**Directions for this task**
Scan the records below for the line with "Bombardment Fort Sumter, Charleston" and the line with "Hello Door Decal, Front", and retype that range exactly, both ends included, pictures excepted.

**Source information**
....................
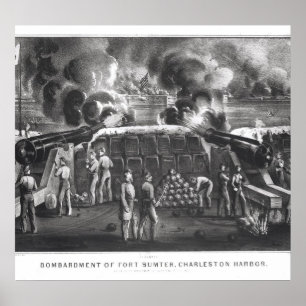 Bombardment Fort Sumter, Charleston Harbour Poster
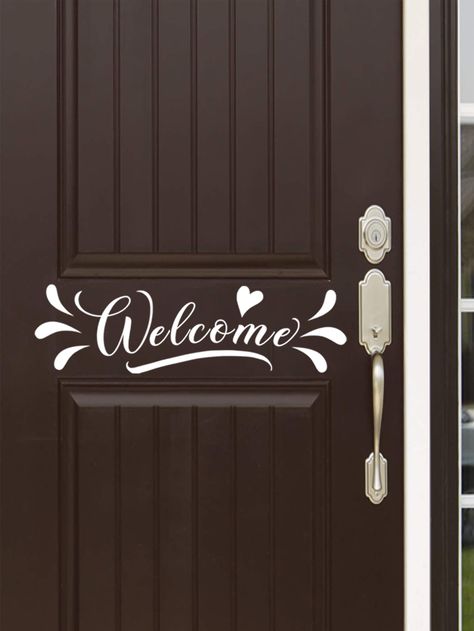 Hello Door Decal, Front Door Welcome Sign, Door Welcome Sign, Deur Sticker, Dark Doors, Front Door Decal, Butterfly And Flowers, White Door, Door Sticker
....................
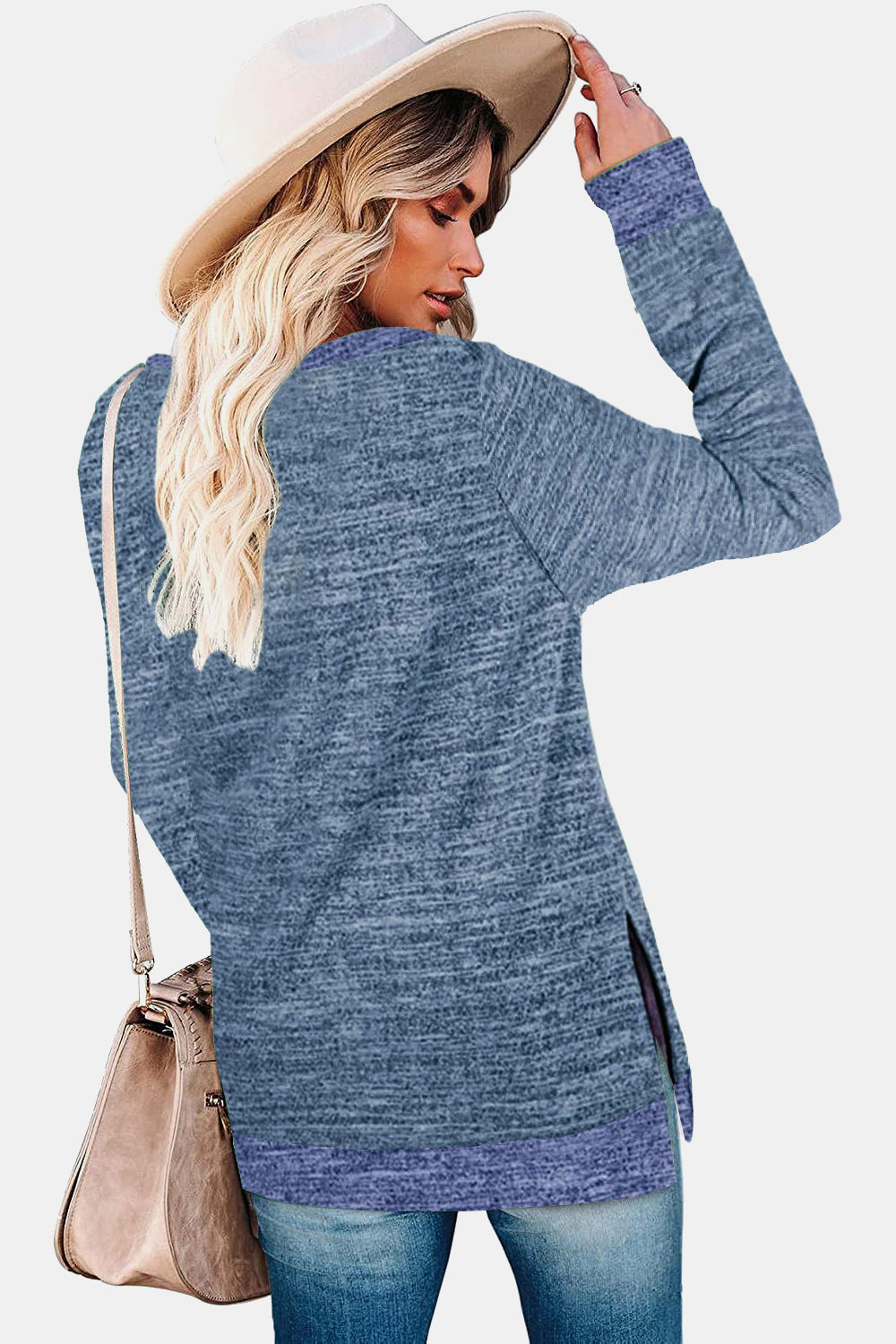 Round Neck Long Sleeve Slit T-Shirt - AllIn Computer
....................
**Task response**
 Bombardment Fort Sumter, Charleston Harbour Poster
 Hello Door Decal, Front Door Welcome Sign, Door Welcome Sign, Deur Sticker, Dark Doors, Front Door Decal, Butterfly And Flowers, White Door, Door Sticker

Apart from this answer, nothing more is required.